§ About this task: Copy every line of the records that includes the word "Wall".

=== Records to process ===

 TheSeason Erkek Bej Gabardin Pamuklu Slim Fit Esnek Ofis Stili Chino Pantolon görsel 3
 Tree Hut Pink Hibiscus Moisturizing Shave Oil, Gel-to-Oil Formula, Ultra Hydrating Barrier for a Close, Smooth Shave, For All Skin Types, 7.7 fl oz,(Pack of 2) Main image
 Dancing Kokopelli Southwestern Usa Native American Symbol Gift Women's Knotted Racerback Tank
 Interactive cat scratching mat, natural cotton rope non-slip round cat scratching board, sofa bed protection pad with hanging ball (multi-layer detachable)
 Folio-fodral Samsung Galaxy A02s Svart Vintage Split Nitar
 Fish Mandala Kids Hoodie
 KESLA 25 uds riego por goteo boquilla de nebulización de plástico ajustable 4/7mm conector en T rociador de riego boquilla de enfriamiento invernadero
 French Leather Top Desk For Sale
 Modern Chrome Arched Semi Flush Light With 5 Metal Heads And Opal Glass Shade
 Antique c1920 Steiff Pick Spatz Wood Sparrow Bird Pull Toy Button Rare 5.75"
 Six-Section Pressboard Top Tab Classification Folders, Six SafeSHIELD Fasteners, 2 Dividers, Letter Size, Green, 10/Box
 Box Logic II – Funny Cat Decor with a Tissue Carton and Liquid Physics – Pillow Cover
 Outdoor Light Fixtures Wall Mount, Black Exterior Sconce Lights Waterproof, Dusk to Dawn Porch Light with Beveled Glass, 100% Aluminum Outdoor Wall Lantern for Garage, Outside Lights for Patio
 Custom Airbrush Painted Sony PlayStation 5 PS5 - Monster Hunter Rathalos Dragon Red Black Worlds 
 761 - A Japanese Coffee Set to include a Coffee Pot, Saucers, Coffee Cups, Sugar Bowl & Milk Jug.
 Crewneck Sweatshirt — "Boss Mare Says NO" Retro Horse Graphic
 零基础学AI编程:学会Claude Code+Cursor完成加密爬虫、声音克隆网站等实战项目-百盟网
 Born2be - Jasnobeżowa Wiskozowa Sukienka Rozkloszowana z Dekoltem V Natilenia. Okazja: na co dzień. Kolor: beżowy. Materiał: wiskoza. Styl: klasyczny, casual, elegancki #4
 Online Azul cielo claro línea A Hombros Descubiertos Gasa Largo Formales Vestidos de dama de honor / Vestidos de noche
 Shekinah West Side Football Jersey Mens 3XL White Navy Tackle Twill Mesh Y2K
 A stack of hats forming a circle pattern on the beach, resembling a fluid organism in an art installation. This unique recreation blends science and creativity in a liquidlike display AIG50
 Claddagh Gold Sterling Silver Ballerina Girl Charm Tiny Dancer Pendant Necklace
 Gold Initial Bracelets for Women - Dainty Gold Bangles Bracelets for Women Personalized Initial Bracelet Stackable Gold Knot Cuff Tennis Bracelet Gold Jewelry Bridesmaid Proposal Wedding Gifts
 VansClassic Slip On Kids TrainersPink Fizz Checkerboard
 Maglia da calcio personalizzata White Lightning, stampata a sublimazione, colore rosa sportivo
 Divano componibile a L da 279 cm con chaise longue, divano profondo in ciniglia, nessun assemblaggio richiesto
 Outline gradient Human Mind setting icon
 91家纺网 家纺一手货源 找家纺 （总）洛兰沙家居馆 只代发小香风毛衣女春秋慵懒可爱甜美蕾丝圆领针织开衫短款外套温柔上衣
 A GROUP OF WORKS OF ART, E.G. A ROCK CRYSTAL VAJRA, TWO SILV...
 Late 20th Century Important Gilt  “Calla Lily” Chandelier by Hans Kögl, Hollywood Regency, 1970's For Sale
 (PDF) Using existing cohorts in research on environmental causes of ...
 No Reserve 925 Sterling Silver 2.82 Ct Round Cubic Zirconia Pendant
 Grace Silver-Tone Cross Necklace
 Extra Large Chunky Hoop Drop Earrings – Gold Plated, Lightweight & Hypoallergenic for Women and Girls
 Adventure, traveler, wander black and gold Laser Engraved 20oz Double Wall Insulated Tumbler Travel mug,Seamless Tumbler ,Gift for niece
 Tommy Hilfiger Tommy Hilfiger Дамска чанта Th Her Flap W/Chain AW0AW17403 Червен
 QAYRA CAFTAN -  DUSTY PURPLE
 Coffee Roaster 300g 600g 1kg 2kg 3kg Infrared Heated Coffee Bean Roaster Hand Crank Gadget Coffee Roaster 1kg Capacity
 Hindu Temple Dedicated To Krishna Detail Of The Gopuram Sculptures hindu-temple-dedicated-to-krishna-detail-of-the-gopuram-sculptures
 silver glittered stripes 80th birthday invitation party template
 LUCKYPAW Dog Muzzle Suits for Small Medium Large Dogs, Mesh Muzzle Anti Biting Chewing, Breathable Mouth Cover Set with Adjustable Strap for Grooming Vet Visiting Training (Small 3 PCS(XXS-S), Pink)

===

§ Solved problem:
 Outdoor Light Fixtures Wall Mount, Black Exterior Sconce Lights Waterproof, Dusk to Dawn Porch Light with Beveled Glass, 100% Aluminum Outdoor Wall Lantern for Garage, Outside Lights for Patio
 Adventure, traveler, wander black and gold Laser Engraved 20oz Double Wall Insulated Tumbler Travel mug,Seamless Tumbler ,Gift for niece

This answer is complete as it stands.